🤖 AI Summary
This work addresses the challenge in online inventory optimization where cumulative inventory leads to a history-dependent feasible decision set, particularly under general convex capacity constraints that hinder the attainment of optimal decisions. To tackle this, the authors propose a “hidden target” mechanism: the online learner selects a target and projects it onto the current feasible order set, thereby reducing the high-dimensional state-dependent problem to one-dimensional queue control. Leveraging a norm-alignment principle, the method achieves—for the first time—the first multi-logarithmic static regret bound for strongly convex losses over general convex sets, along with a dynamic regret bound that matches the theoretical lower bound. Notably, the dependence on demand probabilities improves from inverse linear to inverse square root. Empirical evaluations demonstrate the approach’s superiority on both synthetic and real-world inventory datasets.
📝 Abstract
Online inventory optimization (OIO) is online convex optimization with physical memory: inventory carryover makes the feasible action set depend on the past. A natural principle, used in stochastic inventory learning and recently in OIO under a single linear capacity constraint, is to maintain a hidden target chosen by an online learner and implement its projection onto the currently feasible order-up-to set. We prove that this simple principle is optimal for OIO on arbitrary bounded convex capacity sets. With online gradient descent as the base learner, the method improves the best known regret guarantee for OIO on general convex sets from inverse to inverse-square-root dependence on the common-demand probability, and we prove a matching lower bound. The same principle gives the first polylogarithmic regret guarantee for strongly convex losses and the first dynamic regret guarantee adapting to Euclidean path variation on general convex capacity sets.
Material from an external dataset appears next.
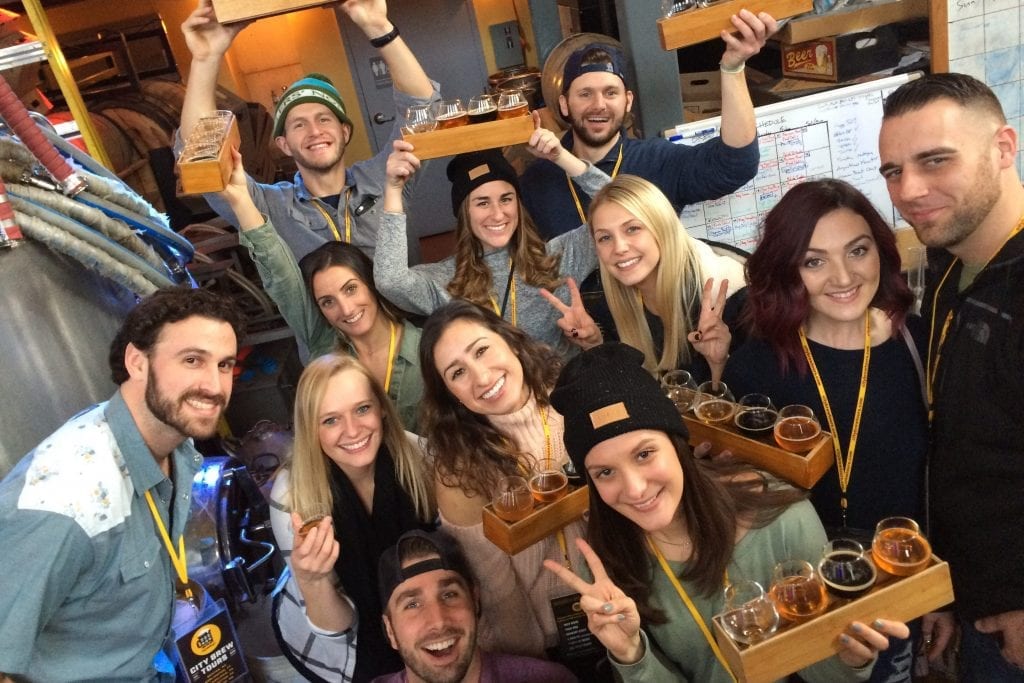 A private tour group poses for a picture with flights of beer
The analysis introduces a norm alignment principle: the right state variable is the distance from the hidden target to the feasible set, measured in the same norm as the projection. Under norm alignment, this distance evolves pathwise as a scalar queue, with target movement as arrival and common demand as service. This reduction to one-dimensional queue control resolves the state dependence and extends the guarantees to general convex capacity sets, beyond the reach of prior productwise approaches. Experiments on synthetic and real-world inventory data corroborate the theory.